- [The task]:
Please, from the entries below, transcribe exactly the lines that begin at the line with "LorelayChaude - Sexe cam en vivo - 2432428" and end at the line with "Attività/licenza in affitto a Forlì", without the pictures.

- [Exercise inputs]:
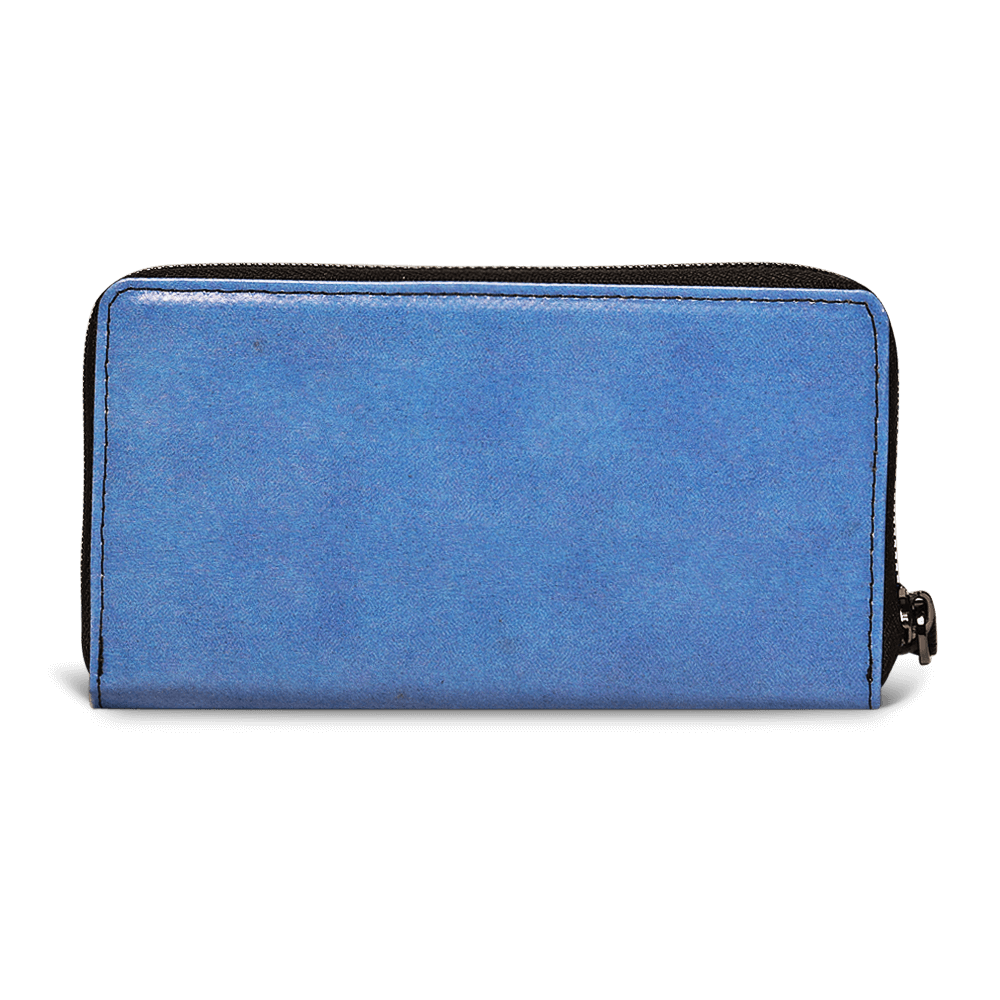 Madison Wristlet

---

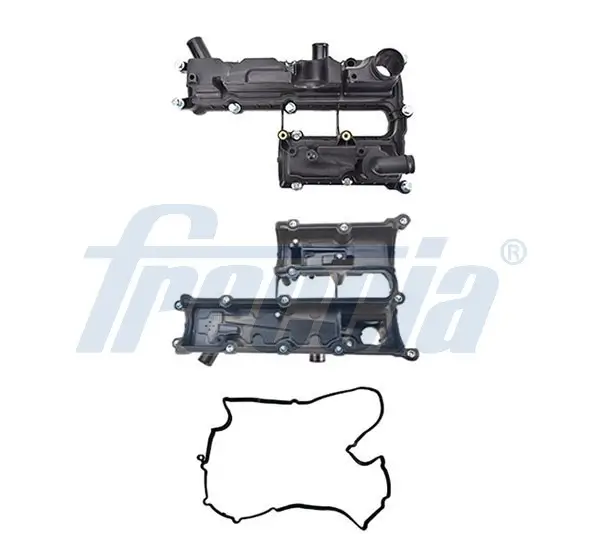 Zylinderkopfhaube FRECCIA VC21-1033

--

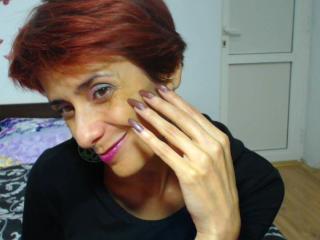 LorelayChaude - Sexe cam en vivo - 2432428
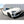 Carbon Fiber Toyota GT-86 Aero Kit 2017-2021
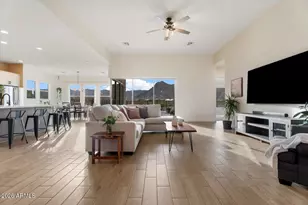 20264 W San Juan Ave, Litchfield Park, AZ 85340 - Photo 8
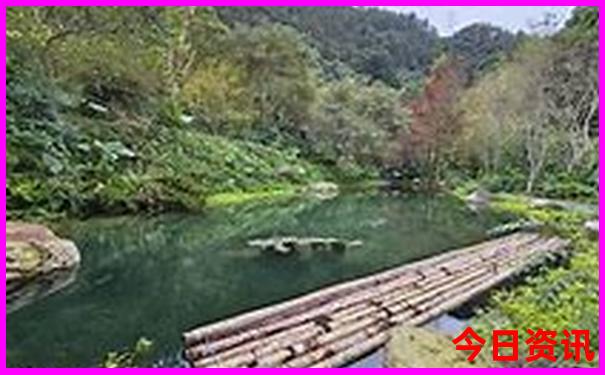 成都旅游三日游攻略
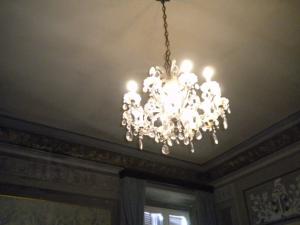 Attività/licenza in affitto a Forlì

- [Problem solution]:
 LorelayChaude - Sexe cam en vivo - 2432428
 Carbon Fiber Toyota GT-86 Aero Kit 2017-2021
 20264 W San Juan Ave, Litchfield Park, AZ 85340 - Photo 8
 成都旅游三日游攻略
 Attività/licenza in affitto a Forlì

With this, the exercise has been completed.